- _EXERCISE PROMPT_: The whole listing is to be written out again exactly; the pictures are not.

- _INFORMATION_:
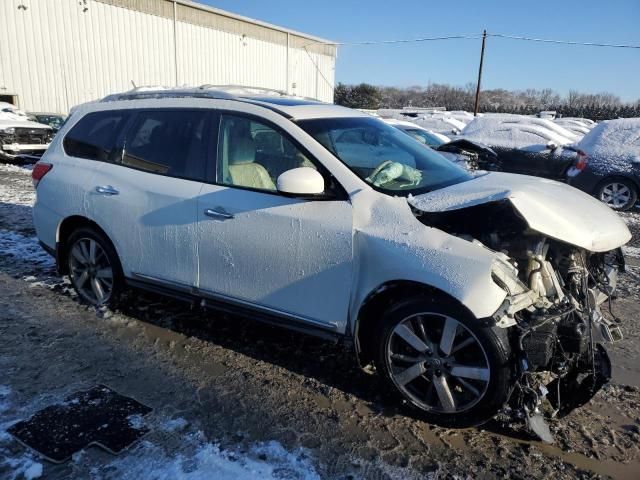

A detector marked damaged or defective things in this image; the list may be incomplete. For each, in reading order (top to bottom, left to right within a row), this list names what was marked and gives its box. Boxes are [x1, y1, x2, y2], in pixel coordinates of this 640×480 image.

crushed hood [408, 172, 632, 253]
severe front-end damage [410, 172, 632, 442]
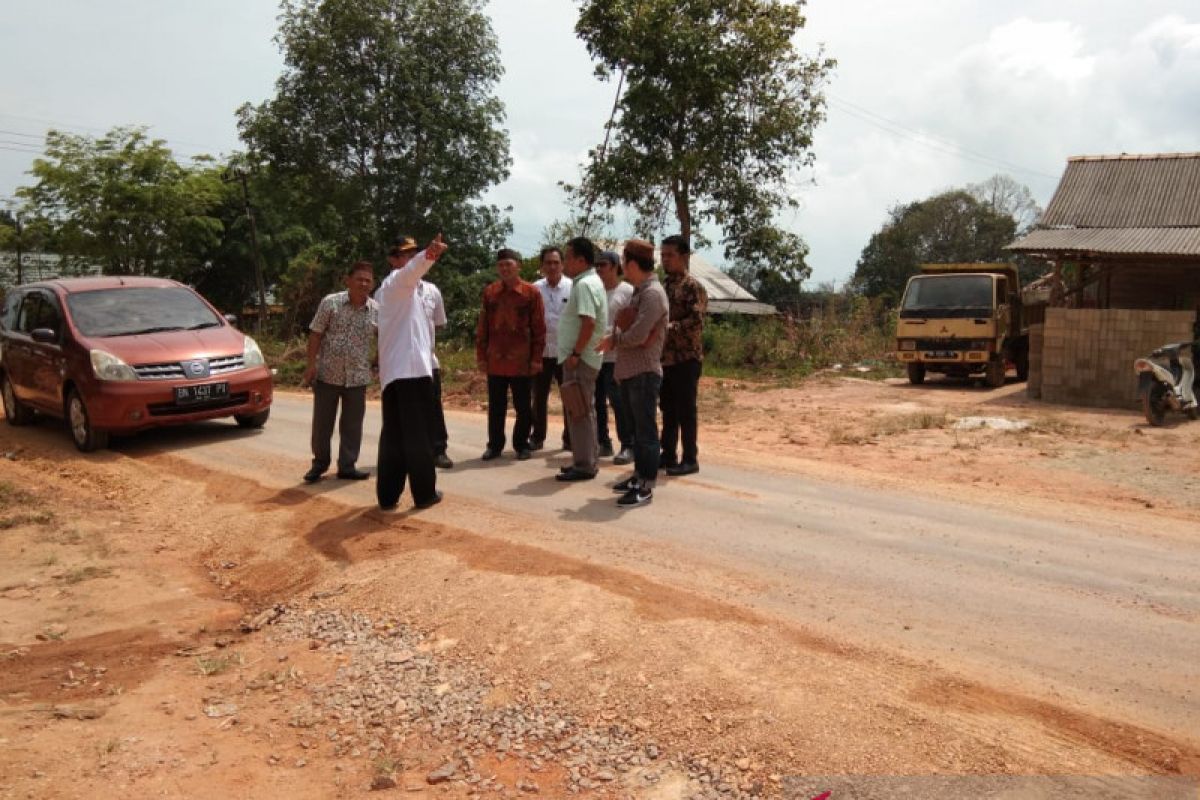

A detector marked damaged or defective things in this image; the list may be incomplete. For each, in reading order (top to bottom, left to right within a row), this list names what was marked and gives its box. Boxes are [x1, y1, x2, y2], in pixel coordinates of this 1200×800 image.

damaged road surface [2, 382, 1200, 800]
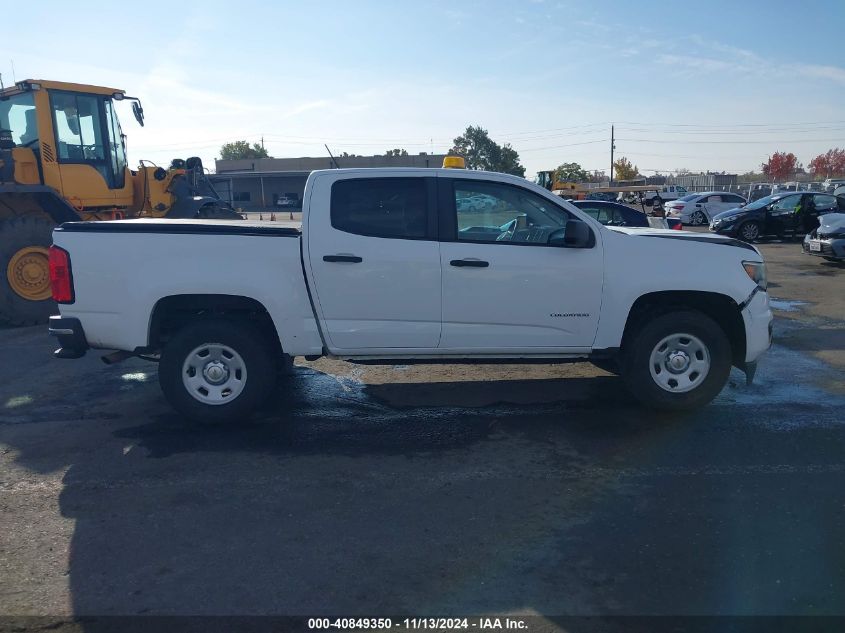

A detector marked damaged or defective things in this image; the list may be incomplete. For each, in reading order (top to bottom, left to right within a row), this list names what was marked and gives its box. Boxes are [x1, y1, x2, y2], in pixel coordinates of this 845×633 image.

cracked asphalt [1, 236, 844, 616]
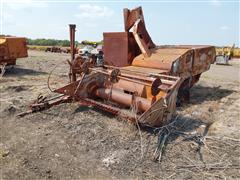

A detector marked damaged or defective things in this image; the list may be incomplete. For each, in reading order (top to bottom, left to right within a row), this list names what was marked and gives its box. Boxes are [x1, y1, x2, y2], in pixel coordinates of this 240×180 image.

rusty pull-type combine [19, 7, 216, 127]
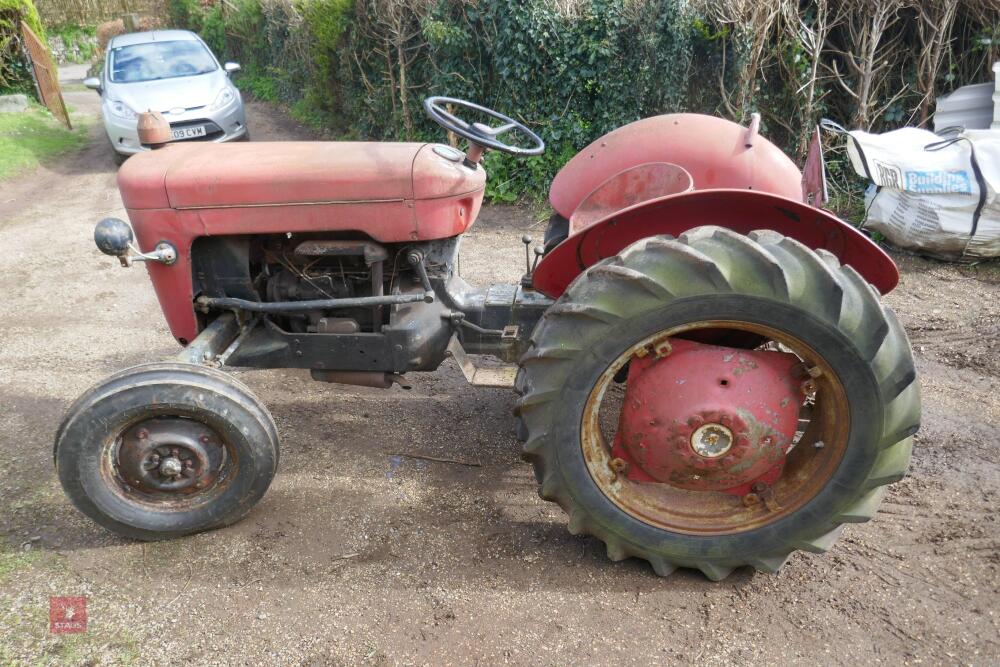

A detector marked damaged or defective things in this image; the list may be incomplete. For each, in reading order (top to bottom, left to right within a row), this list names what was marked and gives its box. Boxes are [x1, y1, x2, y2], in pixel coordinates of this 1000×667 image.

rusty metal [18, 22, 70, 129]
rusty metal [113, 420, 229, 498]
chipped red paint [604, 340, 800, 496]
rusty metal [580, 320, 852, 536]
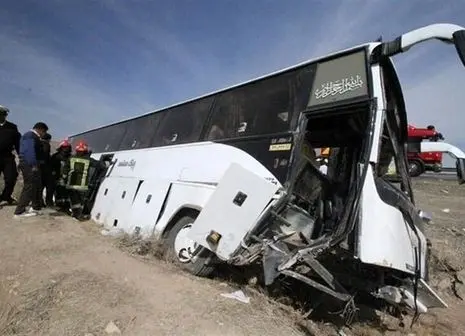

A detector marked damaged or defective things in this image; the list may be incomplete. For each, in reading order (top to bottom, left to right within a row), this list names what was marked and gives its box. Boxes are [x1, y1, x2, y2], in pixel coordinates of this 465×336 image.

crashed bus [68, 23, 464, 320]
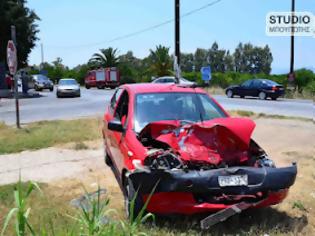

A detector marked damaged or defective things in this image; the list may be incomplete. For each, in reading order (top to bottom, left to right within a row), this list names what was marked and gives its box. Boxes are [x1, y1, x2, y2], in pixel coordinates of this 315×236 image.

crushed car hood [140, 117, 256, 166]
damaged red car [102, 84, 298, 221]
detached bumper piece [130, 163, 298, 196]
smashed front bumper [130, 163, 298, 215]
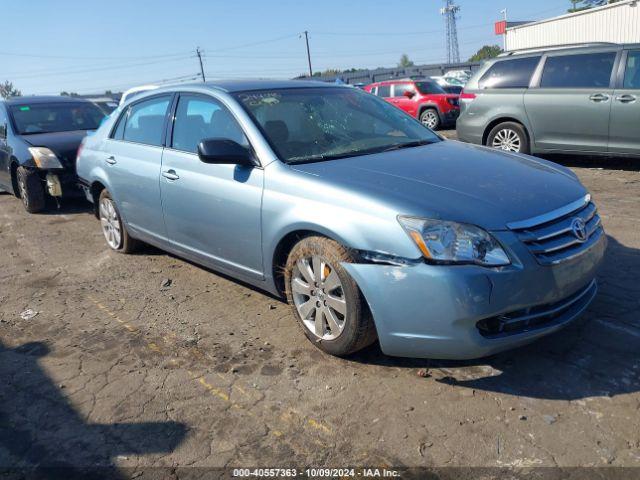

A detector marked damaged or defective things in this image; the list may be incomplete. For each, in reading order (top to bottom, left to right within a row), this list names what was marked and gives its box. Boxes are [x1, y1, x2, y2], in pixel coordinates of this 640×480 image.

cracked headlight [27, 147, 64, 170]
cracked headlight [400, 217, 510, 266]
damaged bumper [342, 231, 608, 358]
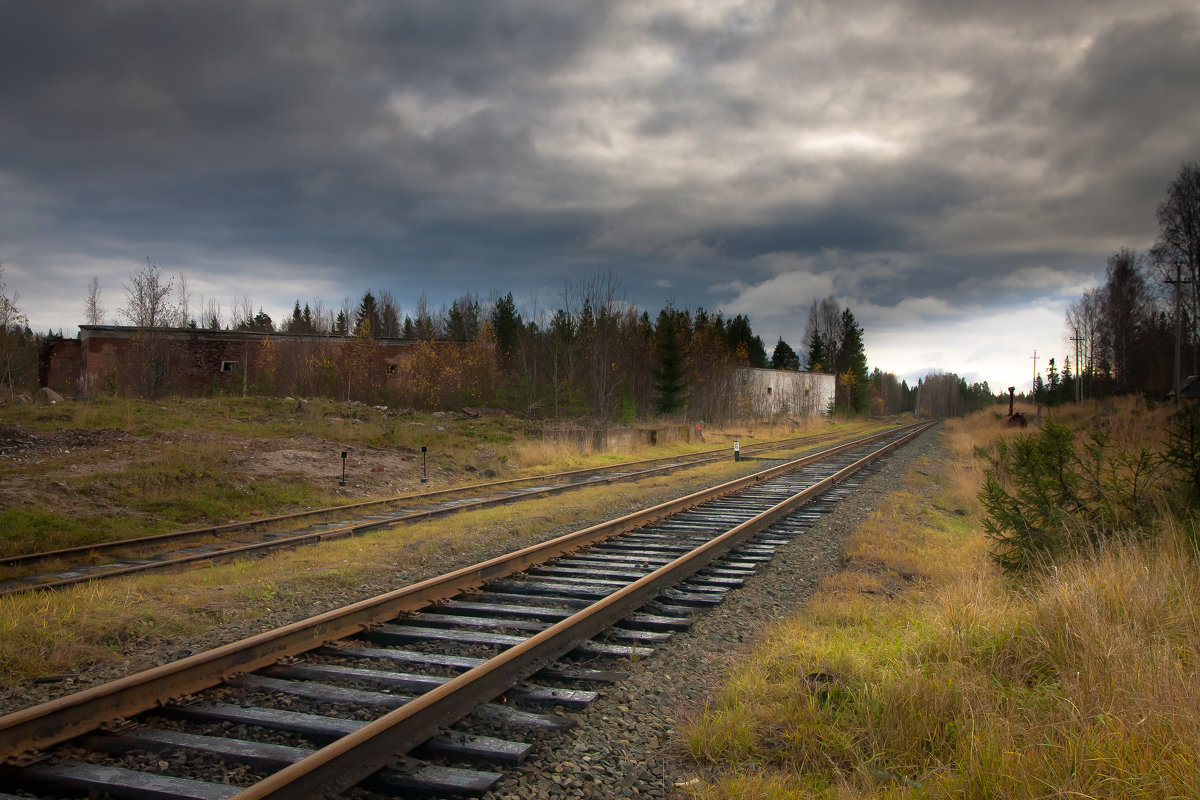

- _ANSWER TO THIS PROBLEM_:
A detector marked damaged or defective things in this image; the list may be incomplete. For each, in reading order (top to bottom, left to right within a row), this list names what was marked and gives its box. Boxes are [x1, y1, x2, y2], in pixel coordinates of this 640×480 image.

crushed hood [408, 172, 632, 253]
severe front-end damage [410, 172, 632, 442]

A detector marked damaged or defective things in this image; the list may be incomplete. For each, in reading order (top to bottom, left to right within a row), this list names what was marked and gives its box. Boxes are [x1, y1, x2, y2], in pixel coordinates of this 1200×800 image.

damaged road surface [2, 382, 1200, 800]

A detector marked damaged or defective things in this image; the list may be incomplete. For each, in reading order (top to bottom, left to right within a row), this list names what was marked and gives its box. Boxes are [x1, y1, x2, y2], in pixel coordinates of this 845×633 image.

cracked asphalt [1, 236, 844, 616]

A detector marked damaged or defective things in this image; the list may be incomplete. For each, in reading order (top to bottom, left to right within a row), this list names what was marked and gives its box. Boxes are [x1, y1, x2, y2], in pixel coordinates of this 240×180 image.

rusty pull-type combine [19, 7, 216, 127]

A detector marked damaged or defective things in this image; the list may be incomplete. For each, in reading order (top to bottom, left to right within a row), this list names what was marked and gives its box. Boxes are [x1, y1, x2, y2], in pixel coordinates of this 1000×667 image.

rusty metal [18, 22, 70, 129]
rusty metal [113, 420, 229, 498]
chipped red paint [604, 340, 800, 496]
rusty metal [580, 320, 852, 536]

A detector marked damaged or defective things in this image; the list may be incomplete. For each, in reading order (top to bottom, left to right within a row), this list names what was marked and gives its box. Boxes are [x1, y1, x2, y2], in pixel coordinates of this 465×336 image.

crashed bus [68, 23, 464, 320]

A detector marked damaged or defective things in this image; the list may be incomplete. For each, in reading order (top to bottom, left to right within a row), this list names what was marked and gives its box. Boxes are [x1, y1, x2, y2], in pixel coordinates of this 315×236 image.

crushed car hood [140, 117, 256, 166]
damaged red car [102, 84, 298, 221]
detached bumper piece [130, 163, 298, 196]
smashed front bumper [130, 163, 298, 215]

A detector marked damaged or defective things in this image; the list may be incomplete. For each, in reading order (top to bottom, left to right within a row), this list names what was marked and gives its box. Boxes are [x1, y1, x2, y2], in pixel coordinates of this 640×480 image.

cracked headlight [27, 147, 64, 170]
cracked headlight [400, 217, 510, 266]
damaged bumper [342, 231, 608, 358]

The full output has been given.